INPUT DATA —
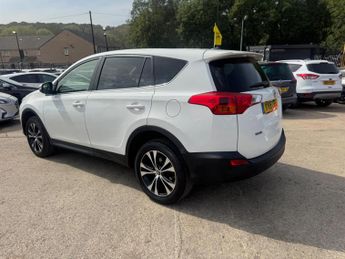 Toyota RAV4 2.0 D-4D Icon 2WD Euro 5 (s/s) 5dr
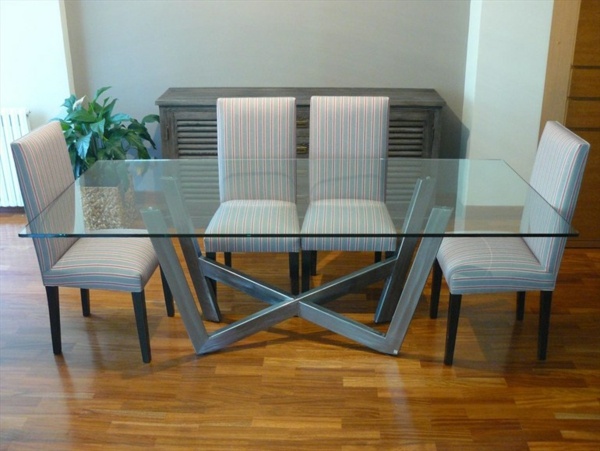 Ränder stolar matsal möbler design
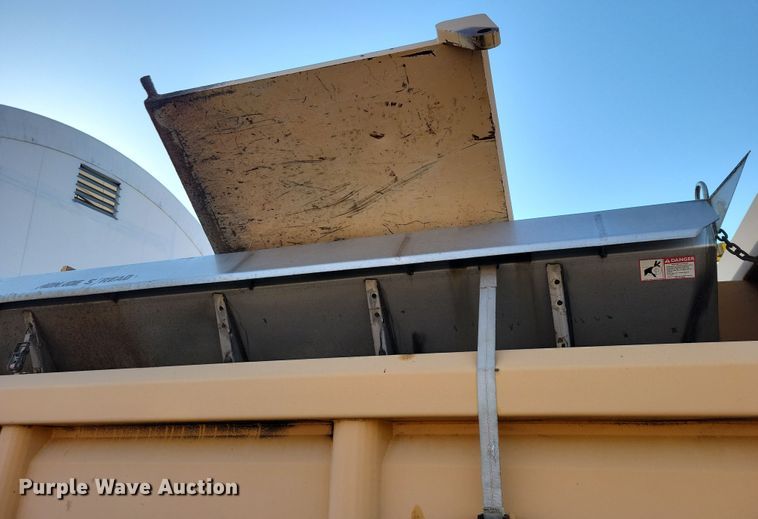 image for item JH9930 2007 Sterling L-Line dump truck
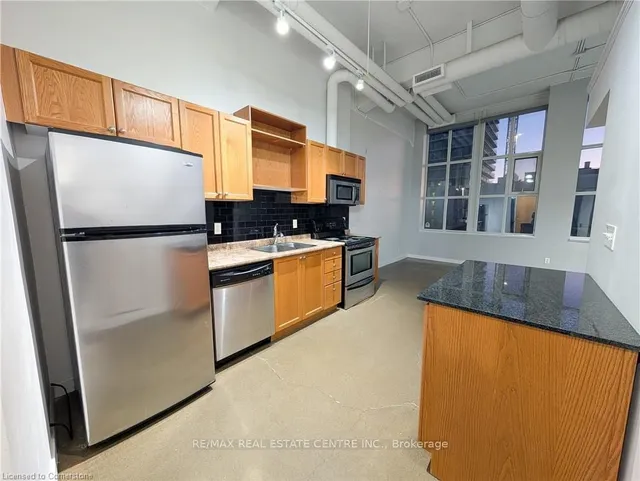 Additional image 20 of 404 King St Unit 316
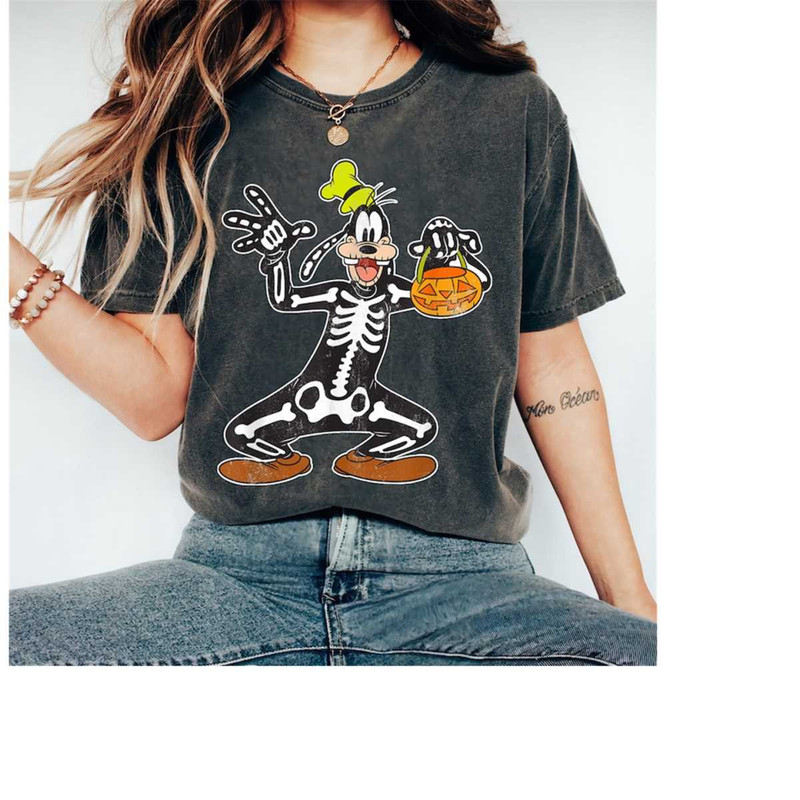 MR-91020238154-disney-retro-goofy-halloween-skeleton-pumpkin-t-shirt-mickey-image-1.jpg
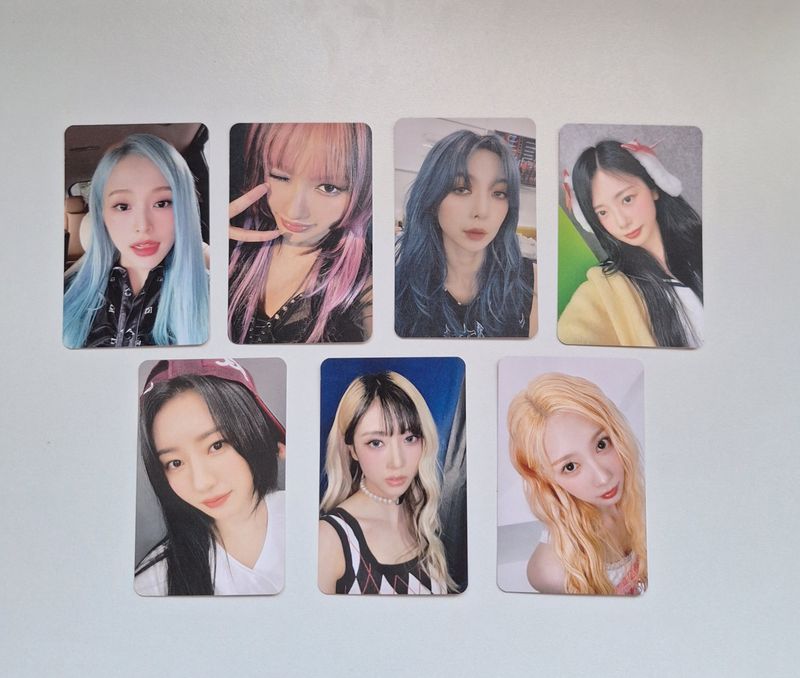 Dreamcatcher Random Selca Photocard Set!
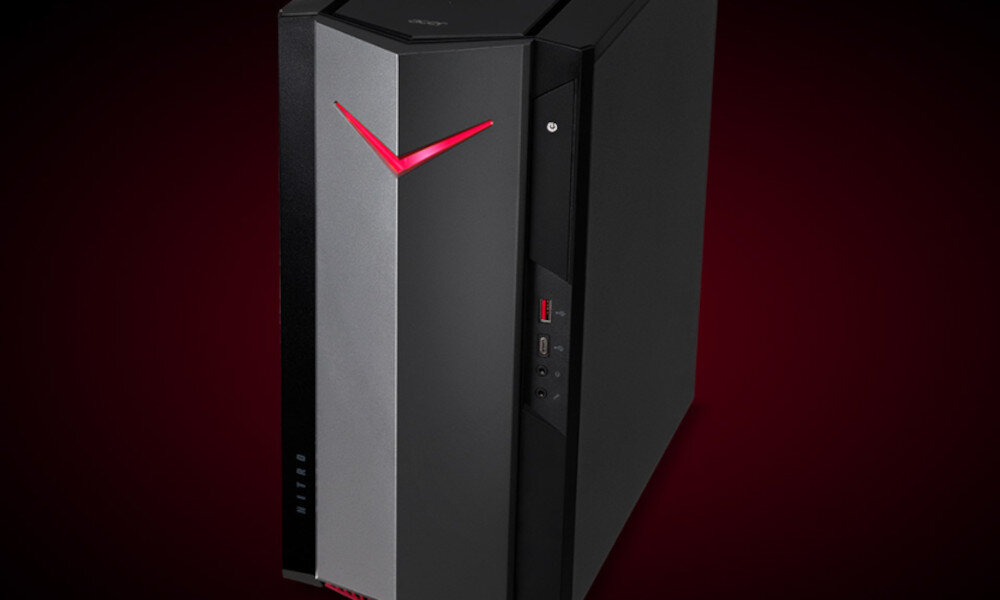 Komputer ACER Nitro 50 N50-640 wygląd obudowa podświetlenie LED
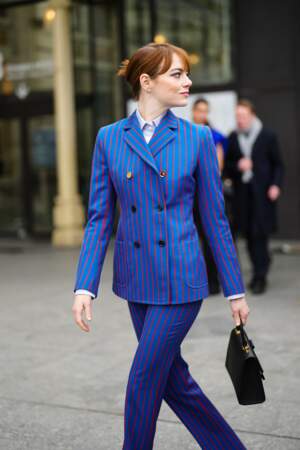 Emma Stone a misé sur un style capillaire plus strict chez Louis Vuitton 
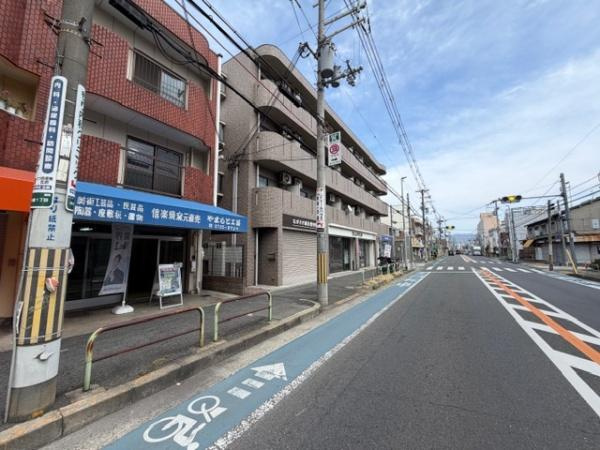 【前面道路含む現地写真】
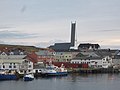 Havnen i Vardø og Vardø kirke.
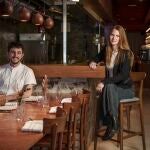 Mario y Charlotte, cocineros en el restaurante Comparte Bistro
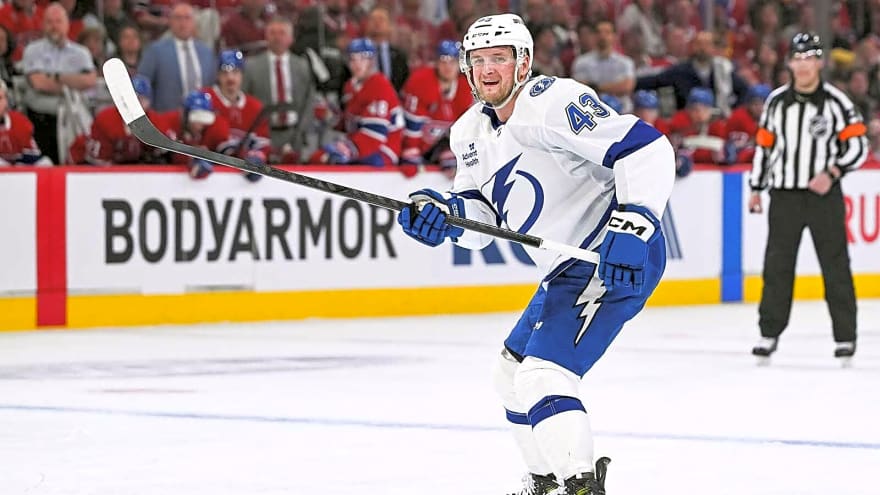 Maple Leafs’ Jim Hiller explains how Darren Raddysh addition makes team better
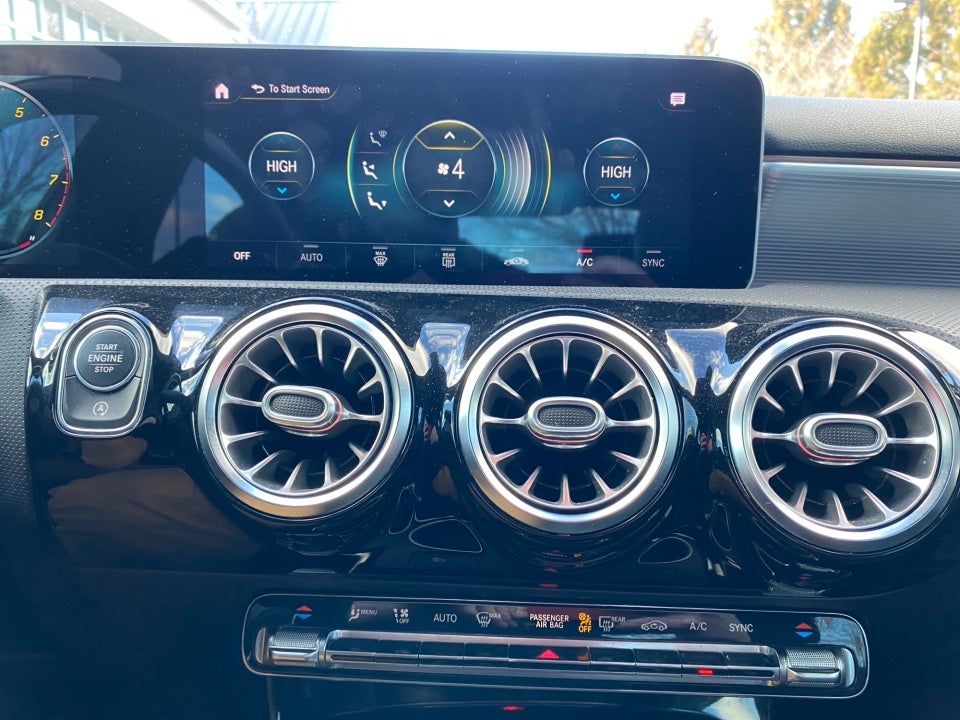 2020 Mercedes-Benz A 220 A 220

TASK GOAL — Take the data above and repeat it exactly, leaving each picture out.

FINISHED TASK —
 Toyota RAV4 2.0 D-4D Icon 2WD Euro 5 (s/s) 5dr
 Ränder stolar matsal möbler design
 image for item JH9930 2007 Sterling L-Line dump truck
 Additional image 20 of 404 King St Unit 316
 MR-91020238154-disney-retro-goofy-halloween-skeleton-pumpkin-t-shirt-mickey-image-1.jpg
 Dreamcatcher Random Selca Photocard Set!
 Komputer ACER Nitro 50 N50-640 wygląd obudowa podświetlenie LED
 Emma Stone a misé sur un style capillaire plus strict chez Louis Vuitton 
 【前面道路含む現地写真】
 Havnen i Vardø og Vardø kirke.
 Mario y Charlotte, cocineros en el restaurante Comparte Bistro
 Maple Leafs’ Jim Hiller explains how Darren Raddysh addition makes team better
 2020 Mercedes-Benz A 220 A 220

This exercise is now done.